La mission d’une organisation permet de donner un sens aux efforts individuels et collectifs, quel que soit le secteur d’activité ou le type d’entre- prise. Les politiques et les pratiques organisationnelles ainsi que, dans une plus vaste mesure, le leadership de la haute direction agissent sur la compréhension à la fois du rôle de l’entreprise dans la société et du bien-fondé des actions de l’organisation par ses employés. En adhérant à quelque chose de plus grand qu’eux, ils trouvent et donnent un sens à leurs efforts  quotidiens.

Si cette mission n’est pas attrayante ou si elle ne permet pas aux individus de se définir comme des agents de changement social, il devient plus difficile pour le superviseur immédiat d’agir sur le climat de travail de son équipe, quelles que soient ses qualités de leader.

Il est néanmoins essentiel que les superviseurs et la haute direction incarnent les valeurs de l’entreprise. Ces valeurs ne peuvent pas seulement être énoncées : il faut aussi qu’elles soient respectées dans toutes les interactions de l’entreprise avec ses employés et avec ses clients. Dans ce sens, il existe de bonnes pratiques dont les gestionnaires peuvent s’inspirer (voir l’encadré, page ci-contre). Une fois que l’épuisement professionnel a commencé à faire ses ravages, il est difficile d’inverser la tendance. Il est donc essentiel de mettre en place des mécanismes de prévention efficaces pour s’assurer du bien-être des employés.

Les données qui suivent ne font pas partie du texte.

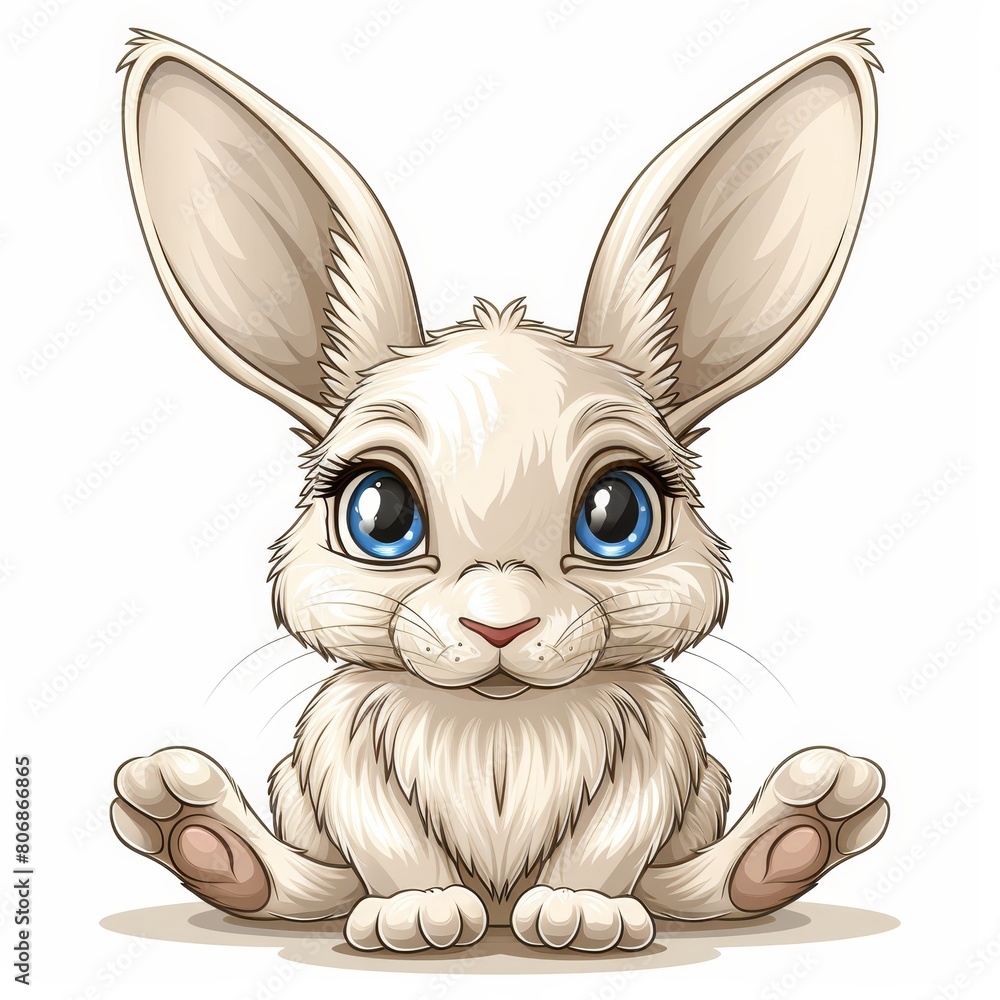   Rabbit sitting, blue eyes, white background Budget-friendly, editable, printable stock photo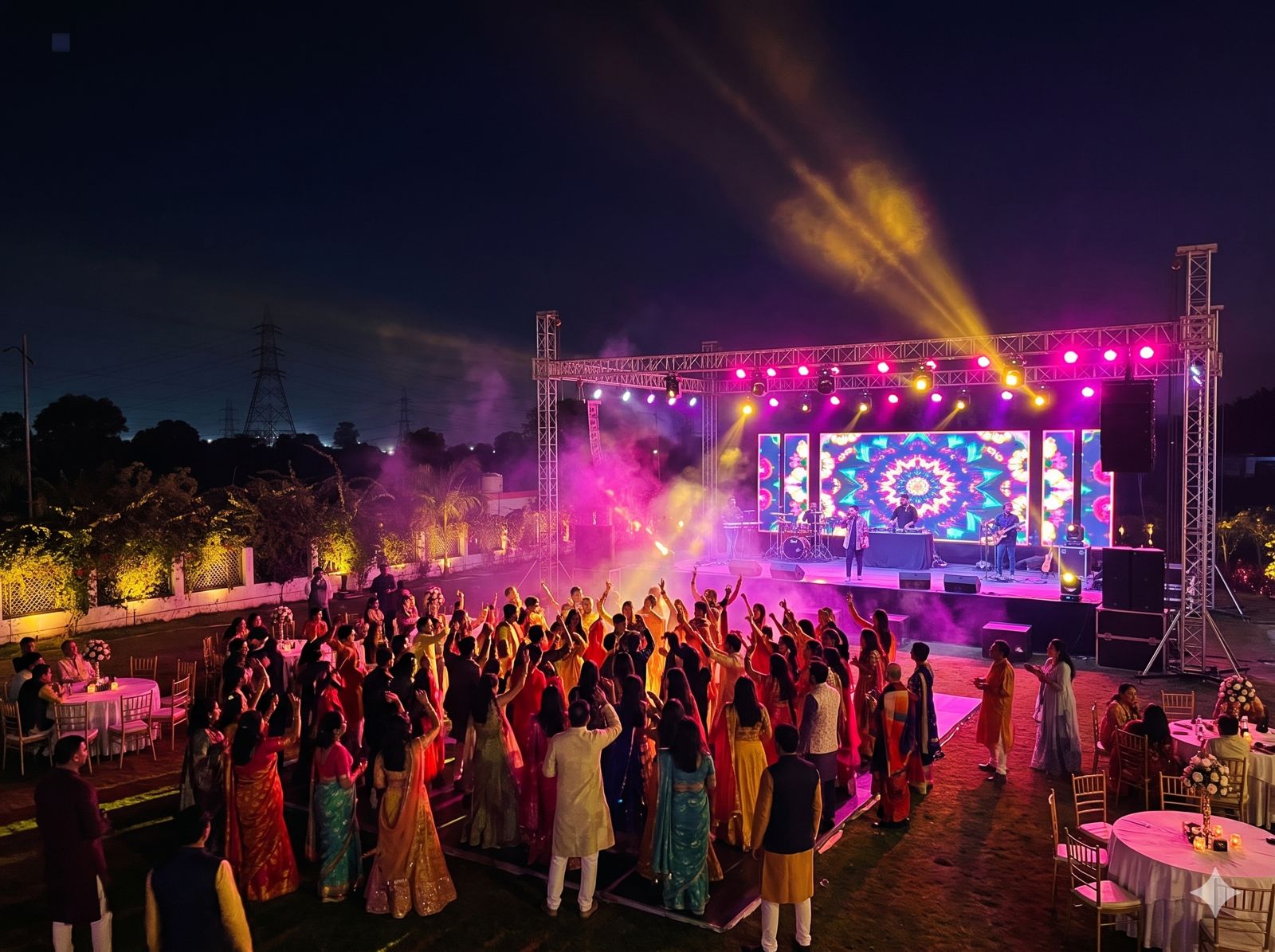 Sangeet night with LED stage, coloured lights and guests dancing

Le meilleur de ces mécanismes : une véritable correspondance entre leurs valeurs et celles de l’organisation dont ils font partie.


Annexe

Comment prévenir et contrer l’épuisement professionnel

Voici quelques bonnes pratiques à mettre en oeuvre pour réduire le nombre de cas d’épuisement professionnel dans votre entreprise, quel que soit son secteur d’activité.

  • Incarner les valeurs de l’entreprise
  • Recruter des personnes qui ont déjà adopté ces valeurs
  • Mettre en oeuvre des pratiques de gestion « à haute implication » : développement des compétences, partage de l’information, reconnaissance et rétroaction, autonomie et pouvoir décisionnel
  • Donner du sens au travail des employés et leur faire comprendre qu’ils comptent beaucoup pour l’organisation
  • Adopter un style de leadership transformationnel et dynamique
  • Être au centre de son équipe plutôt qu’à son sommet : les gens ont besoin des conseils et des compétences de leur direction bien davantage que de son autorité
  • Susciter un sentiment de justice et de confiance entre les différents acteurs organisationnels

Notes

1 Statistique Canada, « Enquête sur la santé dans les collectivités canadiennes– Santémentale et bien-être », 2003.

2 Pendell, R., « Millennials Are Burning Out » (article en ligne), Gallup, 19 juillet 2018.

3 Chênevert, D., et Charron, C., « Sondage chez les médecins du CISSS du Bas-Saint-Laurent afin de déterminer les causes et les conséquences de l’épuisement professionnel », Montréal, HEC Montréal, 2018, 98 pages ; Chênevert, D., et Tremblay, M.-C., « Sondage chez les médecins spécialistes de laboratoire dans le cadre du projet Optilab », Montréal,  HEC Montréal, 2017, 72 pages.